*** Opening of RAW DATA ***

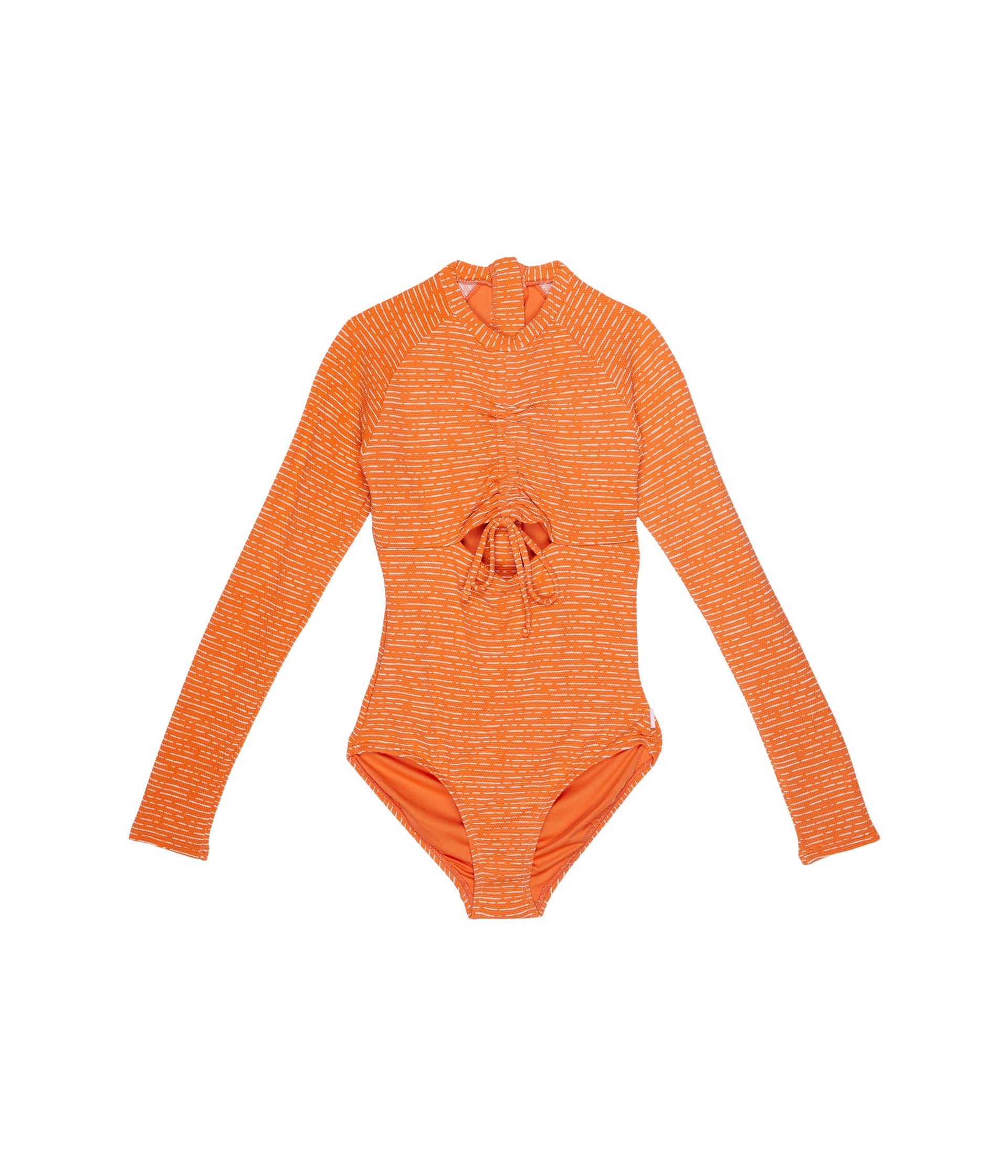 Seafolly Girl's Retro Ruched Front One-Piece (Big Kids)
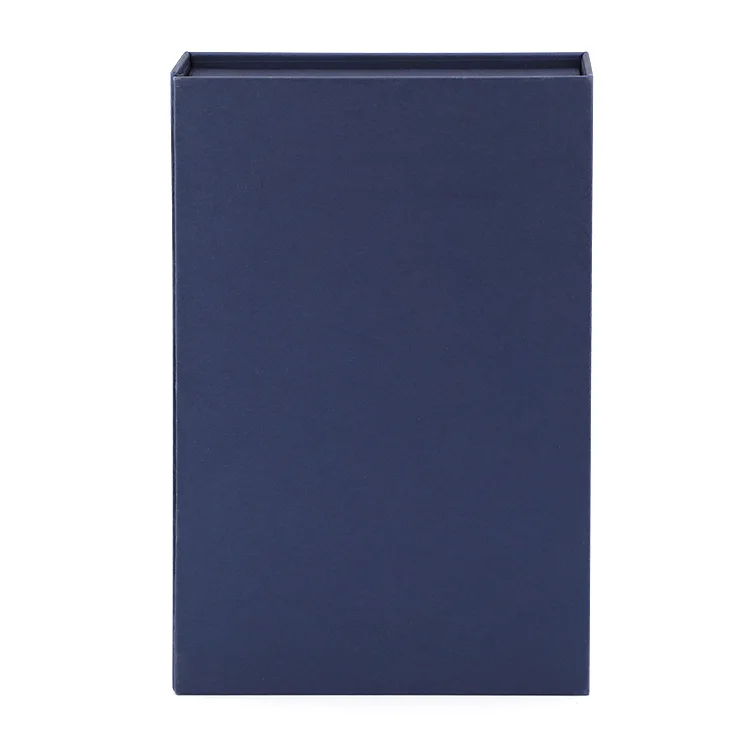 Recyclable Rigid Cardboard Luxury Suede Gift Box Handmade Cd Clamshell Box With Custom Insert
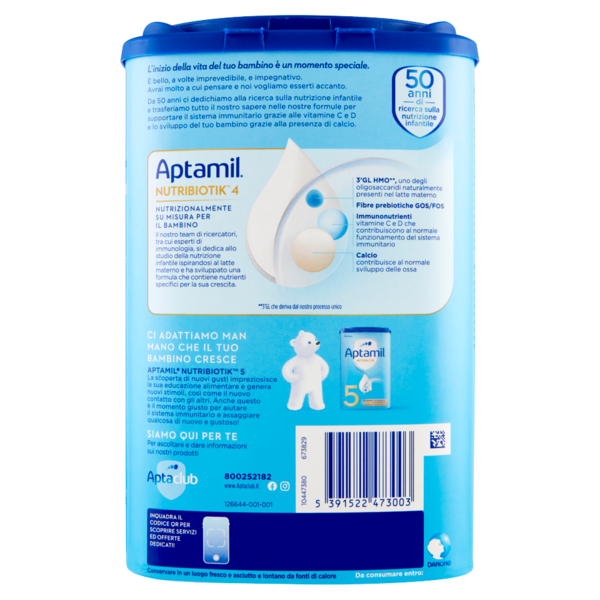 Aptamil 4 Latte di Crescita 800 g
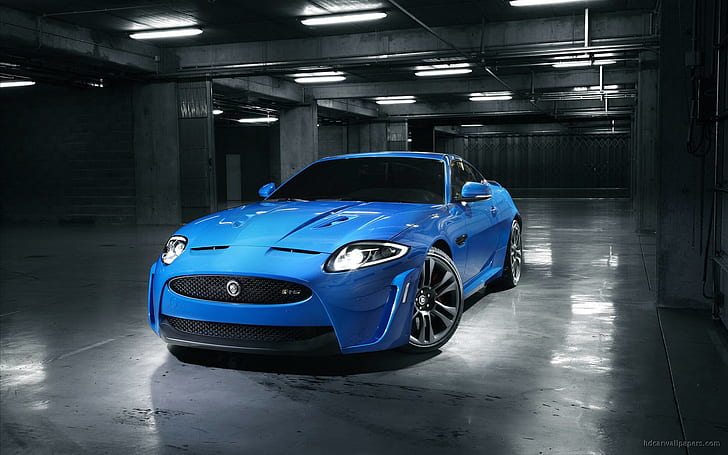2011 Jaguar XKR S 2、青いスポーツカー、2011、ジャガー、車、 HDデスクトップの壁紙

*** Close of RAW DATA ***

• DIRECTIONS:
Omit all pictures, and repeat exactly the lines from the line containing "Recyclable Rigid Cardboard" through the end of the data.

• SOLUTION BELOW:
 Recyclable Rigid Cardboard Luxury Suede Gift Box Handmade Cd Clamshell Box With Custom Insert
 Aptamil 4 Latte di Crescita 800 g
2011 Jaguar XKR S 2、青いスポーツカー、2011、ジャガー、車、 HDデスクトップの壁紙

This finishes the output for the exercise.